If $$$n \leq a.b$$$ then $$$x=a$$$ and $$$y=b$$$. Otherwise either $$$x$$$ or $$$y$$$ should be lower than $$$\sqrt{n}$$$, so we can bruteforce it by fixing either $$$x$$$ or $$$y$$$.

I guess this might be correct:

if(n<=a*b){

x=a;

y=b;

}

else{

if(a<b){

x=a;

y=ceil(n/a);

}

else{

x=ceil(n/b);

y=b;

}

}

Edit: This approach has been proved wrong through a counterexample.
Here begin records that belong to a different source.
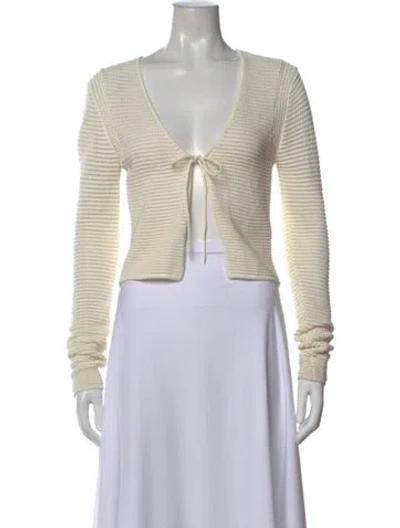 Pre-owned Frame V-neck Long Sleeve Top In Neutral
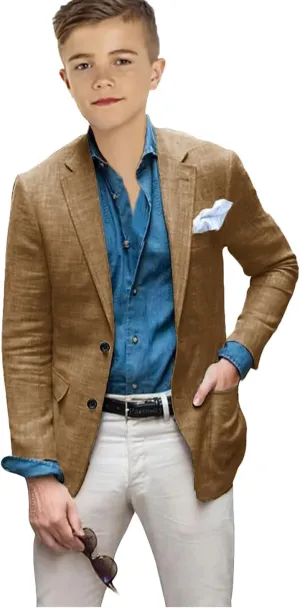 VENNYNG Boys Linen Blazer Slim Fit Suit Jacket Lightweight Summer Beach Wedding Kids Casual Party Children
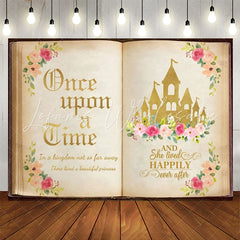Lofaris Old Floral Story Book Princess Birthday Backdrop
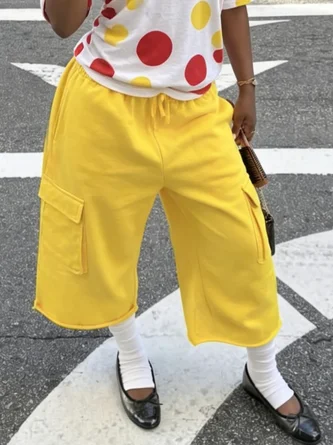 Casual Plain Pockets Cargo Pants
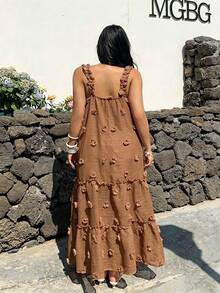 Sunnyshic Plus Size Square Neck Spaghetti Strap A-Line Dress, Vacation Style Holiday Chocolate Brown Summer Boho - Brown - View 2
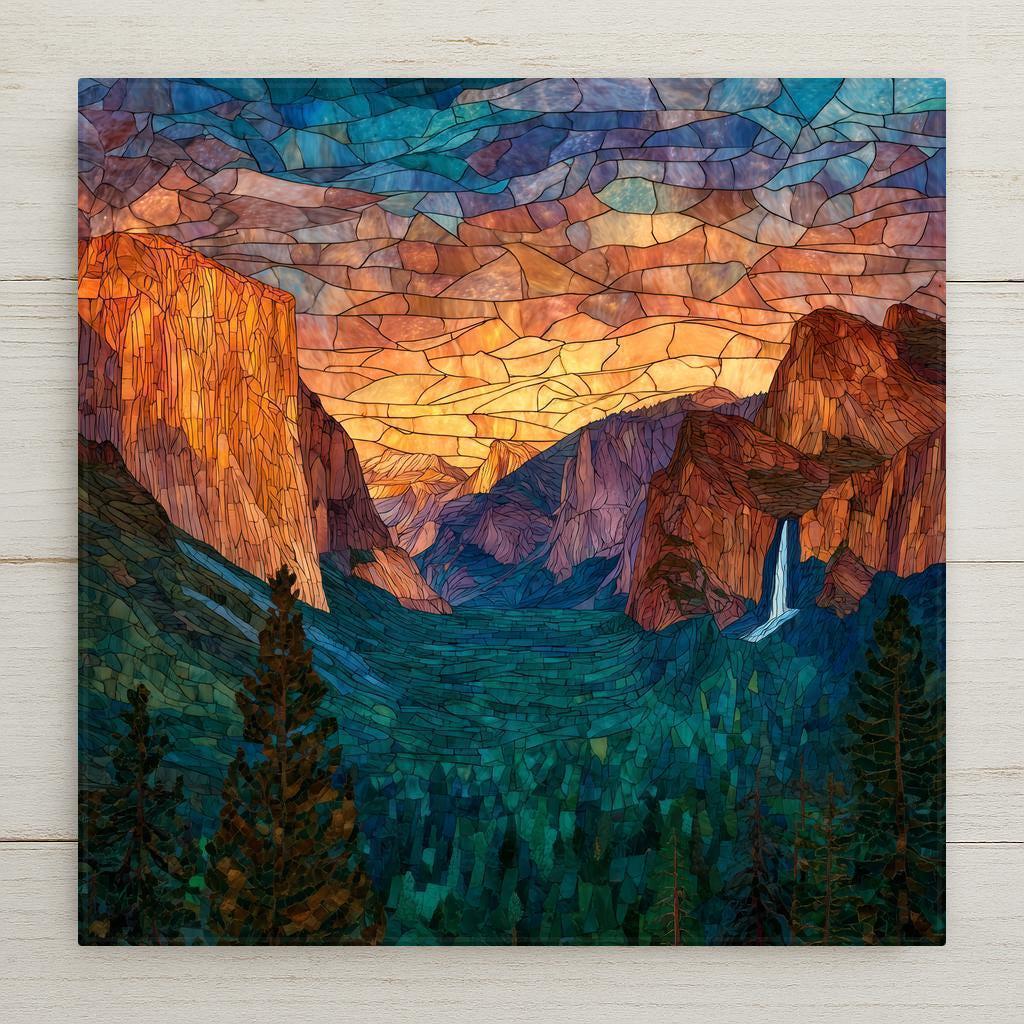 Yosemite Valley ceramic tile wall art featuring El Capitan, Cathedral Rocks, and Bridalveil Fall at sunset. Rendered in a stained glass–style mosaic with warm amber and cool green tones. Permanent print on ceramic tile, not real stained glass or mosaic. Designed for wall decor or shelf display, with optional wall hanger, easel stand, cork backing, or premium frame.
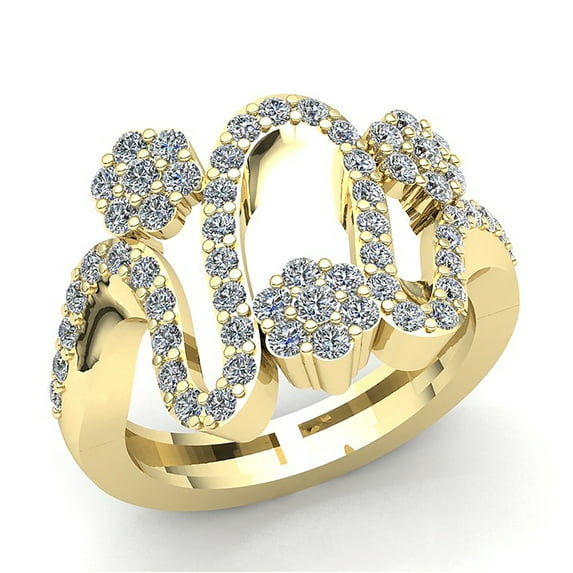 Natural 0.75carat Round Cut Diamond Ladies Flower Wavy Anniversary Wedding Band Solid 10K Rose, White or Yellow Gold GH I1-I2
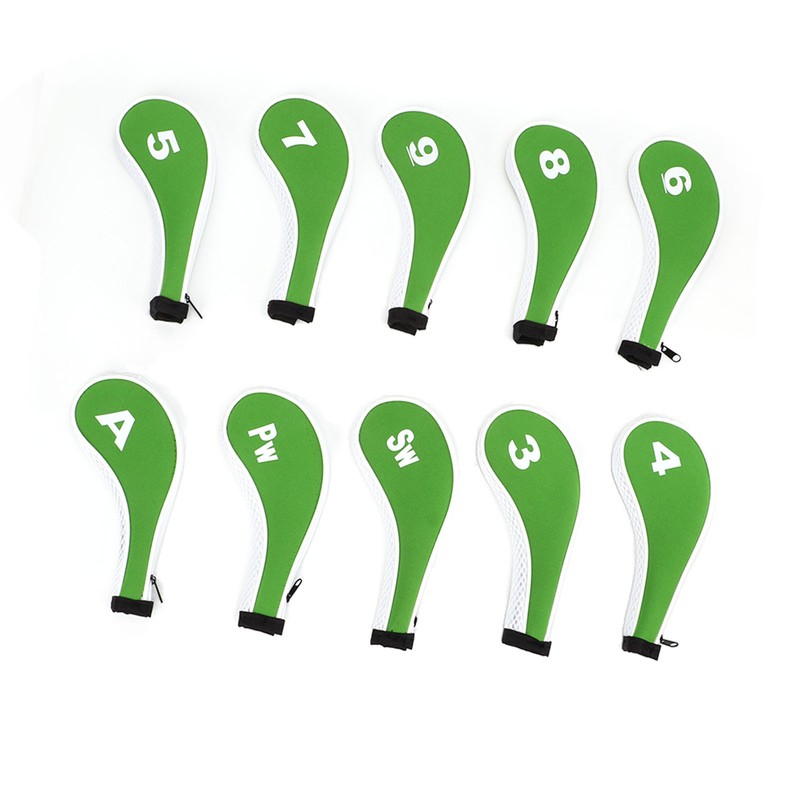 10 Pcs Golf Iron Head Cover Set with Zipper Golf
If $$$ab \ge n$$$, we have $$$xy \ge ab \ge n$$$ anyway, so we can just choose $$$x = a$$$ and $$$y = b$$$ for the optimal answer. Now, assume that $$$ab \lt n$$$ and consider fixing $$$x$$$. Then, we have $$$y \ge \max(\lceil \frac{n}{x} \rceil, b)$$$, and it's clearly optimal to choose $$$y = \max(\lceil \frac{n}{x} \rceil, b)$$$, because $$$x$$$ is fixed, and we want to minimize $$$xy - n$$$. Now, if $$$\max(\lceil \frac{n}{x} \rceil, b) = b,$$$ this means we have $$$\lceil \frac{n}{x} \rceil \le b$$$. Also, $$$y = b$$$ is fixed (remember that we found the optimal $$$y$$$ to be $$$\max(\lceil \frac{n}{x} \rceil, b)$$$), so it suffices to minimize $$$x$$$, subject to the condition $$$\lceil \frac{n}{x} \rceil \le b$$$. You can do this with some math (or binary search, if you aren't in the mood for thinking). Now, the other case: if $$$\max(\lceil \frac{n}{x} \rceil, b) = \lceil \frac{n}{x} \rceil$$$, we have $$$b \le \lceil \frac{n}{x} \rceil$$$, which means $$$b - 1 \le \frac{n}{x}$$$, which means $$$a \le x \le \frac{n}{b - 1}$$$. In particular, we have only $$$\mathcal{O}(\sqrt n)$$$ values of $$$\lceil \frac{n}{x} \rceil$$$, and we can check them all in roughly $$$\mathcal{O}(1)$$$ time (it will be a little tedious with three or four conditions to check, but pretty doable), so we are done (also I just realized the first part was kinda unnecessary... oh well).

UPD: After seeing the first comment, I realized this entire thing was unnecessary... oh well.